At the time the city response was led off a standing mitigation plan developed by Robinson, which both Schwartzenberger and Brown called advanced for its time, and substantial.

Both men helped update plans afterwards, both surging ahead with permanent berm plans afterward and annual training and tweaks of the operational response.

“Floods are low frequency but have incredibly large consequences,” said Brown. “The better prepared you are, the shorter the recovery afterwards.”

Limiting damage was key in 2013. The CP Rail yard was emptied. Shaw Communications ringed its South Flats location with concrete blocks, but also moved a temporary service centre to a church parking lot on the Southeast Hill. There was concern TV and internet service could be cut off throughout in the city.

City bridges closed to all but emergency vehicles, and excavators knocked debris off bridge supports from above. HALO air rescue stationed its helicopter near a makeshift military hospital set up at the Family Leisure Centre in case of emergency transport to Medicine Hat Regional Hospital.

“There was such collaboration among agencies,” said Schwartzenberger. “But also of neighbours helping neighbours, no matter what their own circumstances were. We all pulled together as a community to help each other out.”

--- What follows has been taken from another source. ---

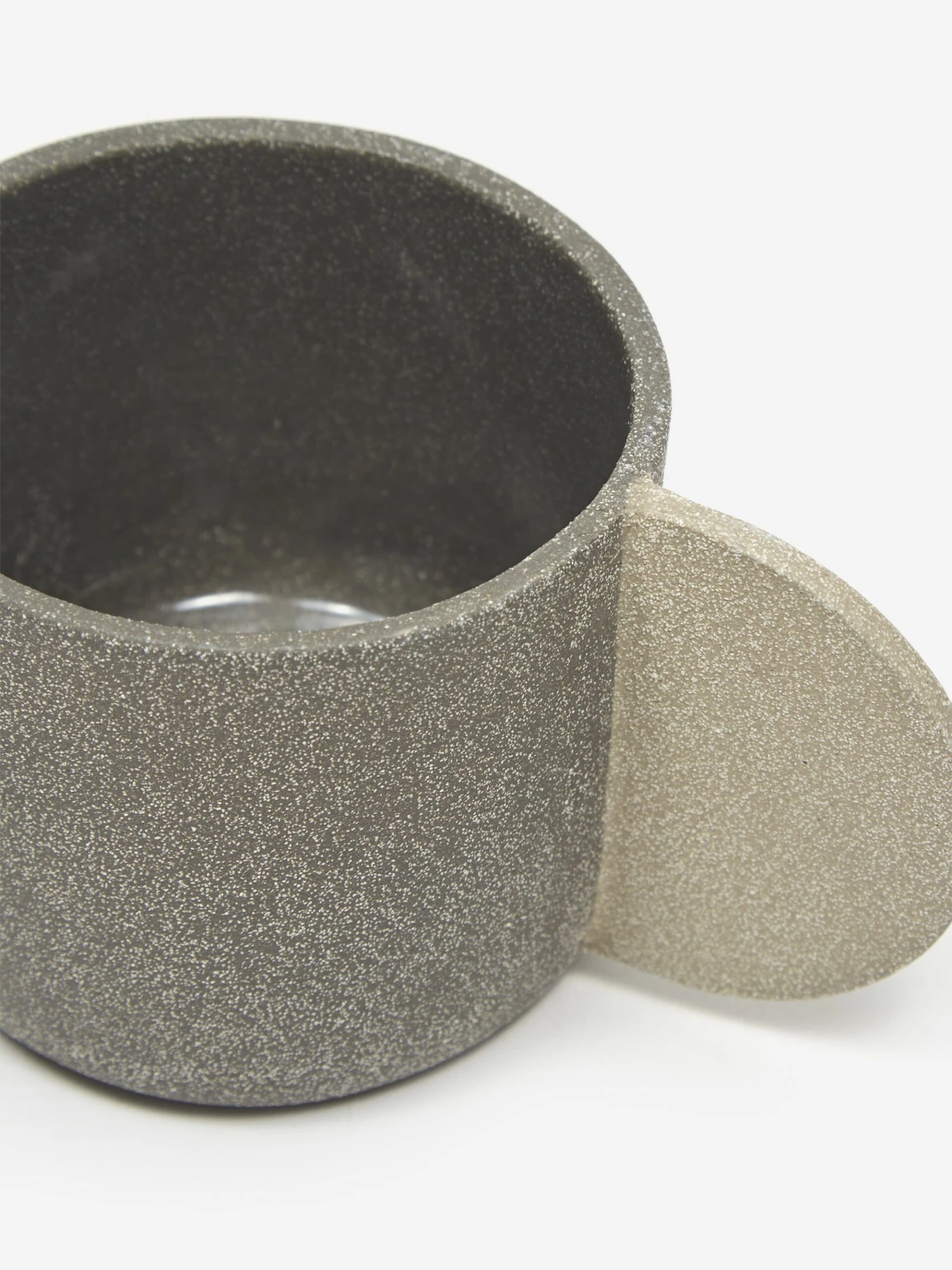 Brutes Ceramic Handmade Large Wide Mug - Dark Grey 4 Brutes Ceramic Handmade Large Wide Mug - Dark Grey - Image 2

Evacuated residents in the hardest hit sections of the Flats were allowed to return at the beginning of the Canada Day long weekend.

Barricades also came down at city hall, where the integrity of the parkade was a top concern. It housed servers that controlled mapping systems and communications between city crews and managers.

Andy McGrogan, now a city councillor, was police chief at the time, and said the biggest concern with the police department was its records management systems.

In the lead-up to the flood, IT workers cleared out a box store of cables and computer accessories to move police operations to the city’s garbage truck maintenance garage in the Southwest Industrial park.

“It was tight, but it worked,” McGrogan said Thursday, noting a sense of camaraderie – that “we were all in the same boat” – developed with his officers and throughout the city’s response and even larger community as well.

“To some degree I thought it also brought everyone together. We were shoulder to shoulder.”